Short descriptive text snippets
┌────────
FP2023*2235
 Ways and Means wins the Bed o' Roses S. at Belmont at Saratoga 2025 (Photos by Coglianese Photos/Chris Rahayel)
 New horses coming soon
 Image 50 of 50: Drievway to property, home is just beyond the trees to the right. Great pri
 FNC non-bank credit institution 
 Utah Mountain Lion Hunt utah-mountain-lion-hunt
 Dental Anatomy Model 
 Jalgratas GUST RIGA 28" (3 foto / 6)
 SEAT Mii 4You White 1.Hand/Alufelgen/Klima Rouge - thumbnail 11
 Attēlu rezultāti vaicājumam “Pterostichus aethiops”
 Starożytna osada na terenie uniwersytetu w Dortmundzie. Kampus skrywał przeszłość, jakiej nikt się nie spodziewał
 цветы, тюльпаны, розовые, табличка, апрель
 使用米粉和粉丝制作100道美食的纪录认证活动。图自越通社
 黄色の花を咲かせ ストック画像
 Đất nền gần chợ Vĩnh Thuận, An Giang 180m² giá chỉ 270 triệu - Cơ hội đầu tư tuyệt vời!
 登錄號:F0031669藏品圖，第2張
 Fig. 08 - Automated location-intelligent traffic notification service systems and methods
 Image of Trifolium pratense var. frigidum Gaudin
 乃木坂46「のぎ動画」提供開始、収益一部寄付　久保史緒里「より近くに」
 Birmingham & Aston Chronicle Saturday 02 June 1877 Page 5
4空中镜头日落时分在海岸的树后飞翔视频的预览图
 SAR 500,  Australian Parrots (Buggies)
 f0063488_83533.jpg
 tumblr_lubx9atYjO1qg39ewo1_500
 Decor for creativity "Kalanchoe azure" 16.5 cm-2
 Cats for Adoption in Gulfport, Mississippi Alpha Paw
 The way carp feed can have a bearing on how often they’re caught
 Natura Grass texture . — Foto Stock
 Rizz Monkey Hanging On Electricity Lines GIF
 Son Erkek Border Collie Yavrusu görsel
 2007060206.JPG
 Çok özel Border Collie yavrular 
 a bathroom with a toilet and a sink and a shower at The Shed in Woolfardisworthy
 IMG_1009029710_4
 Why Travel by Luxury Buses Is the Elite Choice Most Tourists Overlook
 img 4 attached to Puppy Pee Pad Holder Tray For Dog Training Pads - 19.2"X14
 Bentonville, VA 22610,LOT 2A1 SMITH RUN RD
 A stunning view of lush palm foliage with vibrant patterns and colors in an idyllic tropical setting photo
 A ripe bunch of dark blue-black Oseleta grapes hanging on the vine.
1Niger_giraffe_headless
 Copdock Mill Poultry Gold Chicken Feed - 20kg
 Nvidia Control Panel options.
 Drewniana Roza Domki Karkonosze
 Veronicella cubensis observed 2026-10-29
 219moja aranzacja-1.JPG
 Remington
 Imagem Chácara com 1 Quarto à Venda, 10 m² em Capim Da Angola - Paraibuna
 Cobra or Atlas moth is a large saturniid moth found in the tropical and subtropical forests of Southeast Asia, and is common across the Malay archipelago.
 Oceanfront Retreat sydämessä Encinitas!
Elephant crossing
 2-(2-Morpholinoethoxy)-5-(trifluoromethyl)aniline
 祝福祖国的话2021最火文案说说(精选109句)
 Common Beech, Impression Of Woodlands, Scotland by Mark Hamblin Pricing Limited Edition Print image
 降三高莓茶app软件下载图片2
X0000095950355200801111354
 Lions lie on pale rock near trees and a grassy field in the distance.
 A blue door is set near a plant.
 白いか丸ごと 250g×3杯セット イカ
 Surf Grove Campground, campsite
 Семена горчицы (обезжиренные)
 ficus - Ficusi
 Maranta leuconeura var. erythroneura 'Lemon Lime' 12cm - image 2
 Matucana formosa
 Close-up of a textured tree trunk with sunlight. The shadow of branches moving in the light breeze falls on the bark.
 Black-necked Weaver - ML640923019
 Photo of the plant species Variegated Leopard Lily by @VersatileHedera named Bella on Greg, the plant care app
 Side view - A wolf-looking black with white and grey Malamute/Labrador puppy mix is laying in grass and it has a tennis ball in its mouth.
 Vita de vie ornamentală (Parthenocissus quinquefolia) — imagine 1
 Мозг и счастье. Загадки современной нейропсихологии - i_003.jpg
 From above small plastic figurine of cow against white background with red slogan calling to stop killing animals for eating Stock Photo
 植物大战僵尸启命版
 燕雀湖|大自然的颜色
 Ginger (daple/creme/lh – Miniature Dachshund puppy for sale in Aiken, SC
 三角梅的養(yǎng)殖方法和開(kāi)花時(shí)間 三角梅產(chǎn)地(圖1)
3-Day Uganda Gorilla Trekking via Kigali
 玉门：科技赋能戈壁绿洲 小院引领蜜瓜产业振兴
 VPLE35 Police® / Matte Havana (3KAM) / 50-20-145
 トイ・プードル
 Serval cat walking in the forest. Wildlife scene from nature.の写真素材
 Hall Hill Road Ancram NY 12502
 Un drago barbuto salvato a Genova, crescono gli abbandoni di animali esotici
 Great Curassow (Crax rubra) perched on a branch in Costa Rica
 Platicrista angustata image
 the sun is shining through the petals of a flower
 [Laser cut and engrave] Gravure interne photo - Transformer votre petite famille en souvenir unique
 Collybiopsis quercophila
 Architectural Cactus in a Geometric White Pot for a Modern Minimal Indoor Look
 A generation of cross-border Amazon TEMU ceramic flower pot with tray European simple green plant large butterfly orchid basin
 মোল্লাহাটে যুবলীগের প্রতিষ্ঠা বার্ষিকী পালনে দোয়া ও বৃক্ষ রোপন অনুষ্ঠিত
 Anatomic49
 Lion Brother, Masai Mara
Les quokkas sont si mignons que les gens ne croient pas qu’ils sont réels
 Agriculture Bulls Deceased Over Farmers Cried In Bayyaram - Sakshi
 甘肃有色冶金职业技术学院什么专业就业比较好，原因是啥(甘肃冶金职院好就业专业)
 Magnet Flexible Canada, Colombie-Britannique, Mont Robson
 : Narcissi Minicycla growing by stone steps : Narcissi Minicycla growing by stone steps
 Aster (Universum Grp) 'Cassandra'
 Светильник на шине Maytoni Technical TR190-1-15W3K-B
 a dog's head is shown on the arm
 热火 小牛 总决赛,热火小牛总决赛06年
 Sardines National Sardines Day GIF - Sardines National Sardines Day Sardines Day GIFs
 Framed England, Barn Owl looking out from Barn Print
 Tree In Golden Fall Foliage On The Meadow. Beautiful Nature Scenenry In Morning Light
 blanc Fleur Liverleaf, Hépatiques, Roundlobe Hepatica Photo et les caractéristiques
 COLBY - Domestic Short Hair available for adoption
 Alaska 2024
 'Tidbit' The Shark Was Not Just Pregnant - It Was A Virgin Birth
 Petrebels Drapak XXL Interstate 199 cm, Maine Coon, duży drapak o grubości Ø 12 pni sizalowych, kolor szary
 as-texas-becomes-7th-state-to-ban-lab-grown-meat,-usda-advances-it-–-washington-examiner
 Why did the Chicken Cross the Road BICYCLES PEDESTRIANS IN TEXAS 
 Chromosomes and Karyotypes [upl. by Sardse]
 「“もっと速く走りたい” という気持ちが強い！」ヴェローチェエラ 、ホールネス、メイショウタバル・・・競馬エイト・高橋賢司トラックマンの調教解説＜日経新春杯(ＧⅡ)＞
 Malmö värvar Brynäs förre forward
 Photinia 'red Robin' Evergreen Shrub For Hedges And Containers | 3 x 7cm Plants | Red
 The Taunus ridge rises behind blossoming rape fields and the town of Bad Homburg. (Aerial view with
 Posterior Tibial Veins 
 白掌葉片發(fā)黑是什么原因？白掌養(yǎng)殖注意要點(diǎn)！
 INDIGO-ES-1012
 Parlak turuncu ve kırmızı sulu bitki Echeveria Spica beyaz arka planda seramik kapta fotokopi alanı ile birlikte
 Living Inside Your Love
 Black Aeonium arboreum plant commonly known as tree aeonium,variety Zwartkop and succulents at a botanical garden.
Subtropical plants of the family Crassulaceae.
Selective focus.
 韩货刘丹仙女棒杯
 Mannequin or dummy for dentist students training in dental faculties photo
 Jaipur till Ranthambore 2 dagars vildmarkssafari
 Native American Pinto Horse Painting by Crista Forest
└────────
*EXERCISE BRIEF*
All that belongs in your answer is the stretch of entries above from the line with "Why Travel by" through the line with "Nvidia Control Panel options.", printed exactly.

*OUTPUT BELOW*
 Why Travel by Luxury Buses Is the Elite Choice Most Tourists Overlook
 img 4 attached to Puppy Pee Pad Holder Tray For Dog Training Pads - 19.2"X14
 Bentonville, VA 22610,LOT 2A1 SMITH RUN RD
 A stunning view of lush palm foliage with vibrant patterns and colors in an idyllic tropical setting photo
 A ripe bunch of dark blue-black Oseleta grapes hanging on the vine.
1Niger_giraffe_headless
 Copdock Mill Poultry Gold Chicken Feed - 20kg
 Nvidia Control Panel options.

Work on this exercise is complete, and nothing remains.